-- RECORDS FOR THIS EXERCISE follows --
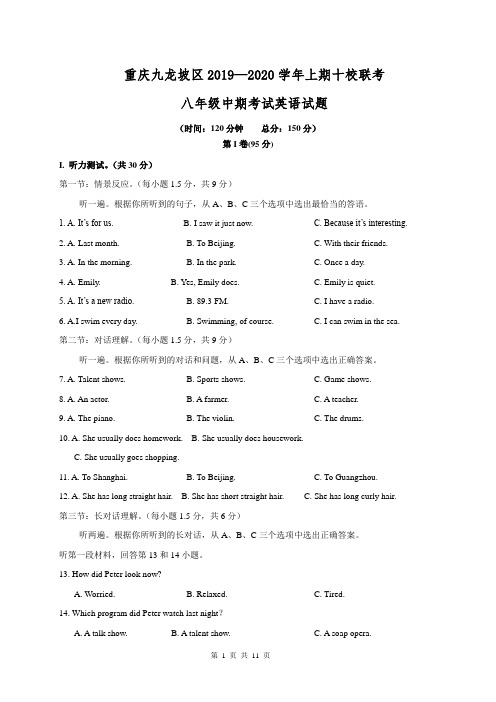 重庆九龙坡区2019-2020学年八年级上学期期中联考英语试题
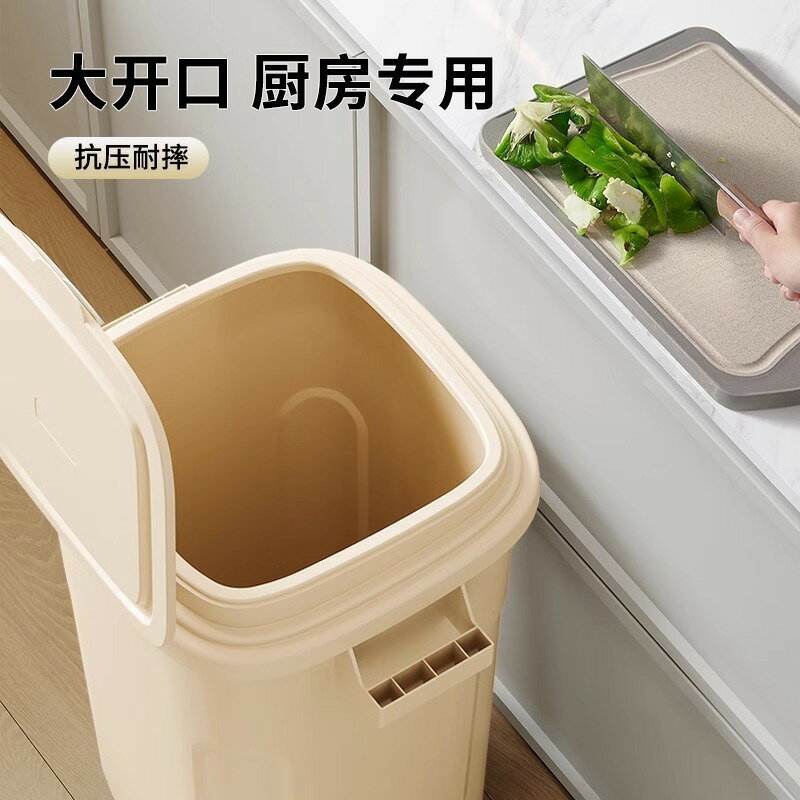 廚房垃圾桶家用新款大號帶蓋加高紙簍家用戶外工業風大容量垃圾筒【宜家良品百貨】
-- RECORDS FOR THIS EXERCISE concluded --
-- RECORDS FOR THIS EXERCISE follows --
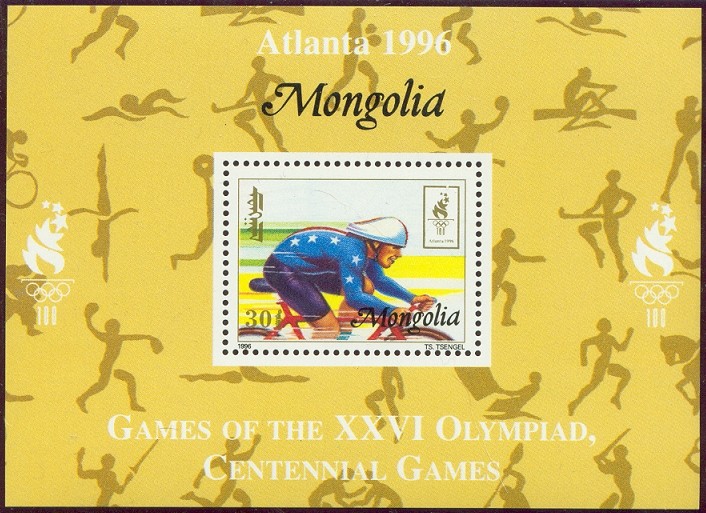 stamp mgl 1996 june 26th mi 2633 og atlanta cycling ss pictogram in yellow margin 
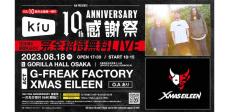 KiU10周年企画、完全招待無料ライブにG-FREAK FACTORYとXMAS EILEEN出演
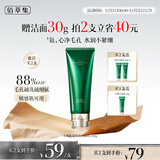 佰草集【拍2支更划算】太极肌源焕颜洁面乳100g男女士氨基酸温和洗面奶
-- RECORDS FOR THIS EXERCISE concluded --
-- RECORDS FOR THIS EXERCISE follows --
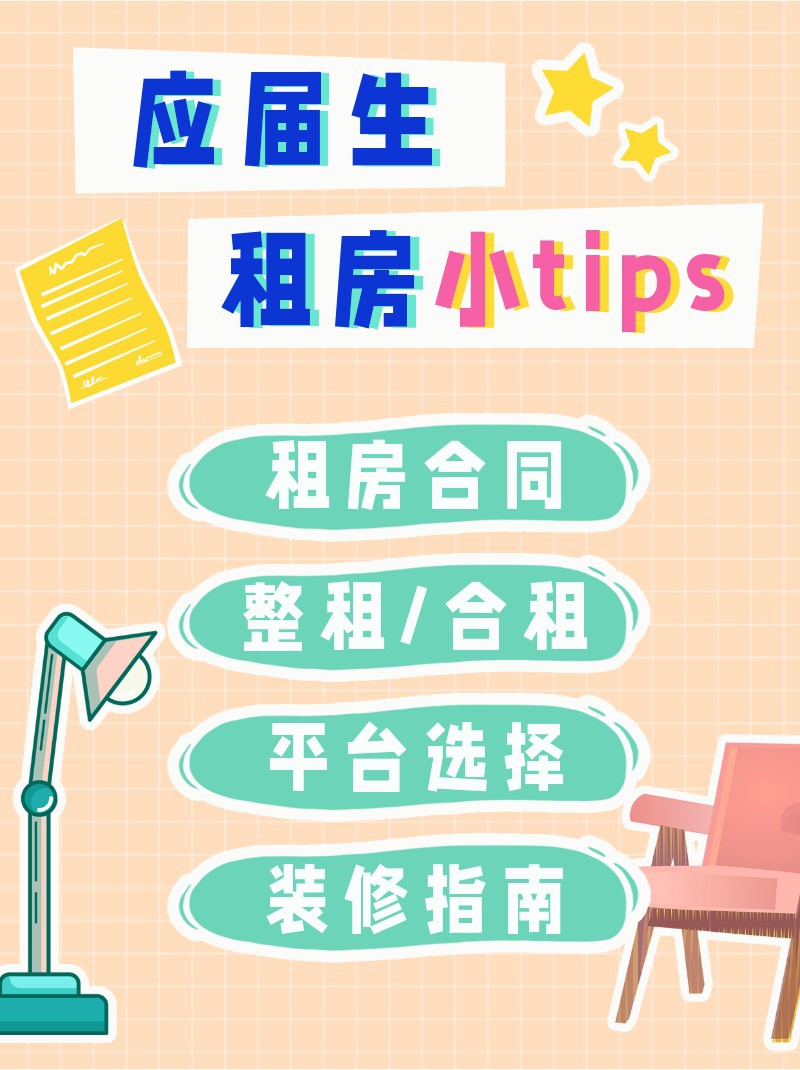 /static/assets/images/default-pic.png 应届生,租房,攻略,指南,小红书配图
-- RECORDS FOR THIS EXERCISE concluded --
■ THE TASK
Lines from the one above containing "重庆九龙坡区2019-2020学年八年级上学期期中联考英语试题" down to the one containing "廚房垃圾桶家用新款大號帶蓋加高紙簍家用戶外工業風大容量垃圾筒【宜家良品百貨】" should be transcribed exactly, with both ends kept and no pictures.

■ TASK OUTPUT
 重庆九龙坡区2019-2020学年八年级上学期期中联考英语试题
 廚房垃圾桶家用新款大號帶蓋加高紙簍家用戶外工業風大容量垃圾筒【宜家良品百貨】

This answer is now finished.